I suspect it’s because our interest in handheld consoles in themselves is generally passive. They are rarely our primary console devices, they tend to supplement our gaming. We snack on handheld consoles, we don’t think of them as substantial life-sustaining meals. So when a handheld doesn’t deliver in terms of new games, we don’t openly complain in the way we might if, say, our PlayStation or Xbox went through a similar drought. In short: we talk up when handhelds when the going is good. “Don’t forget about the 3DS/Vita,” we say, but when the going gets tough? We actually do forget. They begin to gather dust.

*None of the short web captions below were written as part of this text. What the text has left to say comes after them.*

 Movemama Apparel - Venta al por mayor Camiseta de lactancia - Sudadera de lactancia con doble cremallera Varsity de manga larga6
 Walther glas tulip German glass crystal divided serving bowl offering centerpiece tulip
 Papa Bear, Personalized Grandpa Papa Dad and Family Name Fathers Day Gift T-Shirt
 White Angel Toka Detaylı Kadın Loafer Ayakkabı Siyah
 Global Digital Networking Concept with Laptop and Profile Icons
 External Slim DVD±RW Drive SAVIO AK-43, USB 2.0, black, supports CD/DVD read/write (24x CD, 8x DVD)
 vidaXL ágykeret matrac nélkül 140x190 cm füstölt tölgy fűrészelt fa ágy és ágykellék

Why is the 3DS going through such a drought? It’s difficult to tell. Nintendo, clearly, has been so busy focusing its resources on facilitating a Wii U revival that its taken its eye off the ball — the ball in this case being the 3DS. Just like consumers, I suspect Nintendo has the feeling the 3DS will take care of itself now that it has a library of evergreen titles in the tank.

And it probably will.

But for us folks who’ve been there from the start and want new games to play? It’s slow going. It’s almost the kind of thing I don’t want to be aware of. I want to forget that the 3DS exists, then be pleasantly surprised when the games start rolling in. But every once in a while it catches my eye. I open the drawer where my games are kept and it sits there, staring at me. Unmoved. Sometimes I remember about the 3DS for the wrong reasons. A console gathering dust is a sad sight indeed.